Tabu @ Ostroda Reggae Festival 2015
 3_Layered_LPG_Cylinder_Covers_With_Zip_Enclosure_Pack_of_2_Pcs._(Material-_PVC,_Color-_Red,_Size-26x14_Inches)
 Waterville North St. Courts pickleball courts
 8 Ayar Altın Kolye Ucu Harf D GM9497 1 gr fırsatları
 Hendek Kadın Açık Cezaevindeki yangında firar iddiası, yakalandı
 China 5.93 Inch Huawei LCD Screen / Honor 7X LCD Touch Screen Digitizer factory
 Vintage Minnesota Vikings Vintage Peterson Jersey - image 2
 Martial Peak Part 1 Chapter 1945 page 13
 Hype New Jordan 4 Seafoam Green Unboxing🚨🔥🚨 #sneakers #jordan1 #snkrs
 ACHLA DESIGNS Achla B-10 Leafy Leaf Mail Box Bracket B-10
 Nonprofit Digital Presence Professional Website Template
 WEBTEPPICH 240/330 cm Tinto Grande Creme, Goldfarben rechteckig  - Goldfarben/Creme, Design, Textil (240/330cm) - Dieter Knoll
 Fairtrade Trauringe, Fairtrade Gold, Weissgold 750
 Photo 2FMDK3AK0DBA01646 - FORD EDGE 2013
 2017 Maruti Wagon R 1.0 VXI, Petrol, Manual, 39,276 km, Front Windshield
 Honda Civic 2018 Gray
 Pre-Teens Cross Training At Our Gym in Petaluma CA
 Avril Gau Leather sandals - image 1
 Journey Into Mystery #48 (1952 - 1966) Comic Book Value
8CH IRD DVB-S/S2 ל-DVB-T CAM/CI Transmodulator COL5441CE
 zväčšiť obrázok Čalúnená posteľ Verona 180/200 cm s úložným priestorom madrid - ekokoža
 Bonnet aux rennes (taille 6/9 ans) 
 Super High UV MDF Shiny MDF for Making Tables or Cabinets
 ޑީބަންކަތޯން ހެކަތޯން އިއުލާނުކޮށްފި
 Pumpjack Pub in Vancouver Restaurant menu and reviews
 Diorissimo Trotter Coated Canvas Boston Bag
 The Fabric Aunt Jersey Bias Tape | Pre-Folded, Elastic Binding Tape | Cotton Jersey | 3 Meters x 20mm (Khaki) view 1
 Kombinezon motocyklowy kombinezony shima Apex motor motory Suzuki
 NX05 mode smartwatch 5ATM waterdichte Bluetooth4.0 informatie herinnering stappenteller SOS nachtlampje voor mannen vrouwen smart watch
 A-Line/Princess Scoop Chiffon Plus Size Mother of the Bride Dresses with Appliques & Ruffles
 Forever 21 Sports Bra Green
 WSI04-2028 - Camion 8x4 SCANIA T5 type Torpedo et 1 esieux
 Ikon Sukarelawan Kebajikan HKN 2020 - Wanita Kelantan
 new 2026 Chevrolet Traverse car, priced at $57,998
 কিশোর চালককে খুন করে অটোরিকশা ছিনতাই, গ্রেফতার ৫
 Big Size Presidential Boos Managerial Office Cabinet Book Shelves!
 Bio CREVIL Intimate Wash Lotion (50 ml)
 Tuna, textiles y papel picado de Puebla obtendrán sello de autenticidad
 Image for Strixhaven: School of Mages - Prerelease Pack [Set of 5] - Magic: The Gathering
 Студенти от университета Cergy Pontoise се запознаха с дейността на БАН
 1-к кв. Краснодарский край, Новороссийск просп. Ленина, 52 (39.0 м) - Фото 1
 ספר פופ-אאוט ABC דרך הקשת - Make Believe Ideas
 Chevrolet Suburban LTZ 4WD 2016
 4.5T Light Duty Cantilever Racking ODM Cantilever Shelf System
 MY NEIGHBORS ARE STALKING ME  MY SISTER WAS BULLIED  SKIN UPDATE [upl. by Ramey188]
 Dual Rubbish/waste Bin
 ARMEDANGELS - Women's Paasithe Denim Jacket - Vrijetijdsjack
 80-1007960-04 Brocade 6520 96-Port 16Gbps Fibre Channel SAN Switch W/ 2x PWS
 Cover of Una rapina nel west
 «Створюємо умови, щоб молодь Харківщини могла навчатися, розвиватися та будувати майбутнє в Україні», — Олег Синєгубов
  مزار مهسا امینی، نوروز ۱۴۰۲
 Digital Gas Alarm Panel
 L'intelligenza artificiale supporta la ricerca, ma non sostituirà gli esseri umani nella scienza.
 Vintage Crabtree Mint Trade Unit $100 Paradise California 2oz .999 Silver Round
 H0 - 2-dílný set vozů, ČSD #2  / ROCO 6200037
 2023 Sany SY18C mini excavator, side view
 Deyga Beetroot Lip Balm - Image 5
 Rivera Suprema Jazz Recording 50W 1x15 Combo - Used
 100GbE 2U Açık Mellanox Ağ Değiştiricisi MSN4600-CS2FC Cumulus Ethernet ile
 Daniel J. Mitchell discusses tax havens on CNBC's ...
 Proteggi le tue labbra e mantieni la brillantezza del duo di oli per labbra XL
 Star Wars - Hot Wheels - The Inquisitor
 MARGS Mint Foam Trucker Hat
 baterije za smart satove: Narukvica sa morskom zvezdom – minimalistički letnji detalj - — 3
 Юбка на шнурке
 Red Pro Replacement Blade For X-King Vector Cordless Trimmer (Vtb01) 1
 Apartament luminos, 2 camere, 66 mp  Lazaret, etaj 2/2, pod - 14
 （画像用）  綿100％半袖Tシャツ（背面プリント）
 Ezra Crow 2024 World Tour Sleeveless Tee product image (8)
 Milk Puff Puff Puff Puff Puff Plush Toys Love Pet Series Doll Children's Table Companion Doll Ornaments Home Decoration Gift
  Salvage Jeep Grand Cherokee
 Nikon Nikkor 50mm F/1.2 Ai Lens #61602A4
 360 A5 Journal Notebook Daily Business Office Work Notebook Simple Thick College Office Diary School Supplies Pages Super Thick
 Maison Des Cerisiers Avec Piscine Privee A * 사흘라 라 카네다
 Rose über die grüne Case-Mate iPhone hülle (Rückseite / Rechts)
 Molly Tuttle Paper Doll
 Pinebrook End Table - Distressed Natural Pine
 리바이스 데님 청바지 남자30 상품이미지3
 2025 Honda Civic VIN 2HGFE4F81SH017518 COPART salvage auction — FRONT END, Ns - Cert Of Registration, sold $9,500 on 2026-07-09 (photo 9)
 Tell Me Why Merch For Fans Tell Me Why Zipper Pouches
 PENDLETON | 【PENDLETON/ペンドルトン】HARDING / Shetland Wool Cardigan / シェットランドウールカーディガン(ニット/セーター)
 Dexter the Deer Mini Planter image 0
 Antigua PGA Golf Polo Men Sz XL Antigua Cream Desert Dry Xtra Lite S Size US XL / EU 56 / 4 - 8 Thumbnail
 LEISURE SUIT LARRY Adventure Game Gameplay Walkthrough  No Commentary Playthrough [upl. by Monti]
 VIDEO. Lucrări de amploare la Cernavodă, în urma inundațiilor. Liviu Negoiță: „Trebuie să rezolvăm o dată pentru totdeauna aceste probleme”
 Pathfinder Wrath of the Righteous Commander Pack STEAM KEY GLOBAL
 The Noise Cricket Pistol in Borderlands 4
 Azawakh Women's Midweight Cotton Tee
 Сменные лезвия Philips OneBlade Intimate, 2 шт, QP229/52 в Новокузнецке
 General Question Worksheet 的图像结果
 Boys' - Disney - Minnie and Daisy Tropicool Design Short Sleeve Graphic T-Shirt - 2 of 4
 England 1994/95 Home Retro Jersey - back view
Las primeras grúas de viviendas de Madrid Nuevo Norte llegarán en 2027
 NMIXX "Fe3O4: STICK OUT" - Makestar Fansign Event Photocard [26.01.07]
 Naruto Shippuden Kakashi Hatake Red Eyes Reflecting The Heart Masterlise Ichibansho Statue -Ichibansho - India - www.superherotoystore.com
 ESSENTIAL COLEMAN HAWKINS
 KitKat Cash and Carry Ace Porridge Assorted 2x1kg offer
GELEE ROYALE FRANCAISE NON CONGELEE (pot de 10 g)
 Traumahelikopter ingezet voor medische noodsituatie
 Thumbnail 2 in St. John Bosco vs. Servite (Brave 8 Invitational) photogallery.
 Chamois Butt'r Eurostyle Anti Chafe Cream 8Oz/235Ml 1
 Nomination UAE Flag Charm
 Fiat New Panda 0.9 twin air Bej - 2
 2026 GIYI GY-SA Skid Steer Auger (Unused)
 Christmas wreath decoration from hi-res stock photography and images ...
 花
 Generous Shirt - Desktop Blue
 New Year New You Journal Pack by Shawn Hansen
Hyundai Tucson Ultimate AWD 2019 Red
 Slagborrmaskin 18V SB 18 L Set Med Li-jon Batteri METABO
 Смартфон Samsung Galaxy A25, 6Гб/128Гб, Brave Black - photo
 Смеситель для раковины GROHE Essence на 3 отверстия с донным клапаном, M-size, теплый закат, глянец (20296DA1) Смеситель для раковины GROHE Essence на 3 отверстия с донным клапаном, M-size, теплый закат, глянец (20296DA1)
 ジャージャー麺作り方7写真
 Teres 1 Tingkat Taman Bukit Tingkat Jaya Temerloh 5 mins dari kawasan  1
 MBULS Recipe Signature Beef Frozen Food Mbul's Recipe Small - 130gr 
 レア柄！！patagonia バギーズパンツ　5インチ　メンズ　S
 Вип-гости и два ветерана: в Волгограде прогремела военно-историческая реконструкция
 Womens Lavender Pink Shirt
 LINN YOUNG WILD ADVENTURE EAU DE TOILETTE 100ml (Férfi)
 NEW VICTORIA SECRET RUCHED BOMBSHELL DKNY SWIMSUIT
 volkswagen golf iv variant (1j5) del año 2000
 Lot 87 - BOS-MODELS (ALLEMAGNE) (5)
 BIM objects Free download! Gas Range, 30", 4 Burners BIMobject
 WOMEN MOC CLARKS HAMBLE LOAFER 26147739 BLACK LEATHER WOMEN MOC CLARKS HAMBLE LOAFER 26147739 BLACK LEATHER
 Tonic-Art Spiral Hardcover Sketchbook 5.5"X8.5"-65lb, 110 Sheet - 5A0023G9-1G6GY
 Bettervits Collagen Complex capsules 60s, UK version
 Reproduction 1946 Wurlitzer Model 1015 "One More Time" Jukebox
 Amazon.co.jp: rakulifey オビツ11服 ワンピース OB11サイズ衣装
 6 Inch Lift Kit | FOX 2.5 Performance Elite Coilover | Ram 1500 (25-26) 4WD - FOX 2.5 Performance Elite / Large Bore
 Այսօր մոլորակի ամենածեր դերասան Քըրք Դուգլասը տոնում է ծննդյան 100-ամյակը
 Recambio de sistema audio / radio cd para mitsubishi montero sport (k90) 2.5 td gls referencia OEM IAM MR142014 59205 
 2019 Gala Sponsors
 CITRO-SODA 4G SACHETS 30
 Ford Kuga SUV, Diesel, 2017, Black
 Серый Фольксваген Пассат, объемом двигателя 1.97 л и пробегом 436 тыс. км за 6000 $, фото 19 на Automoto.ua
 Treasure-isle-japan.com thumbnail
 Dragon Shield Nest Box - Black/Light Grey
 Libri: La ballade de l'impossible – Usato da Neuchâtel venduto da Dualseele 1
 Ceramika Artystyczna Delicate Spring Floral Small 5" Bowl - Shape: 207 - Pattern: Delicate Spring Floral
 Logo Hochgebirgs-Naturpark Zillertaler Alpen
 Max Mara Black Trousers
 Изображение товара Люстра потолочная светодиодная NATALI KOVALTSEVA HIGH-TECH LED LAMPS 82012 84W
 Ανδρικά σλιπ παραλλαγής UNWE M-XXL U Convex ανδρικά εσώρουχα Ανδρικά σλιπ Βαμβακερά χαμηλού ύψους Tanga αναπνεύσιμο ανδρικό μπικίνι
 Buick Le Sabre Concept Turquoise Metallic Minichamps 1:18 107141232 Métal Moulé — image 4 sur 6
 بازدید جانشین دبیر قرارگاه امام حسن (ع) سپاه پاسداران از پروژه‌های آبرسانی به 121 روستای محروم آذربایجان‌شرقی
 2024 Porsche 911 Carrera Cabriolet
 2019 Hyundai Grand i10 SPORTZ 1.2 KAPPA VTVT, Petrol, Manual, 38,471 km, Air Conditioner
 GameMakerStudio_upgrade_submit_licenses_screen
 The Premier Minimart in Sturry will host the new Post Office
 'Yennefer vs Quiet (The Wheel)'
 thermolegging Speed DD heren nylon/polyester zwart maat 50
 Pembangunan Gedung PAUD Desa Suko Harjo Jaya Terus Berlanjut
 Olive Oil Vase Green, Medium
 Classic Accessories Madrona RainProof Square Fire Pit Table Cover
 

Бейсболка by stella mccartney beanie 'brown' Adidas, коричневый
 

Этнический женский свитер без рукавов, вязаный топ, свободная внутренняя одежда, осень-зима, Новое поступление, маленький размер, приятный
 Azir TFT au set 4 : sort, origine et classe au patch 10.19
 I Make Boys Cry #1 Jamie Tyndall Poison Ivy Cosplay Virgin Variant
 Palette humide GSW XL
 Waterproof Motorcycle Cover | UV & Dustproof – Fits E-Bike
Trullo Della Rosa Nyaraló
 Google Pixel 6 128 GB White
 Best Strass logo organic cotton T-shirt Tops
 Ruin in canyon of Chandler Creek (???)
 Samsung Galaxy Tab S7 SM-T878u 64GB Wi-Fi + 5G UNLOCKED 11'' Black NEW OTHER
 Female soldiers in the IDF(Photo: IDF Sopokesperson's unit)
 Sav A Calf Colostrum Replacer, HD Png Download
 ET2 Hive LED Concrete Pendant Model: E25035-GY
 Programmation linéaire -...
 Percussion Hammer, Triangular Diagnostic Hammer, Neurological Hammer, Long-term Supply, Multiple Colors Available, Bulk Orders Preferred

WORK INSTRUCTION =
All lines above containing the string "Journal": copy each one.

COMPLETED TASK =
 360 A5 Journal Notebook Daily Business Office Work Notebook Simple Thick College Office Diary School Supplies Pages Super Thick
 New Year New You Journal Pack by Shawn Hansen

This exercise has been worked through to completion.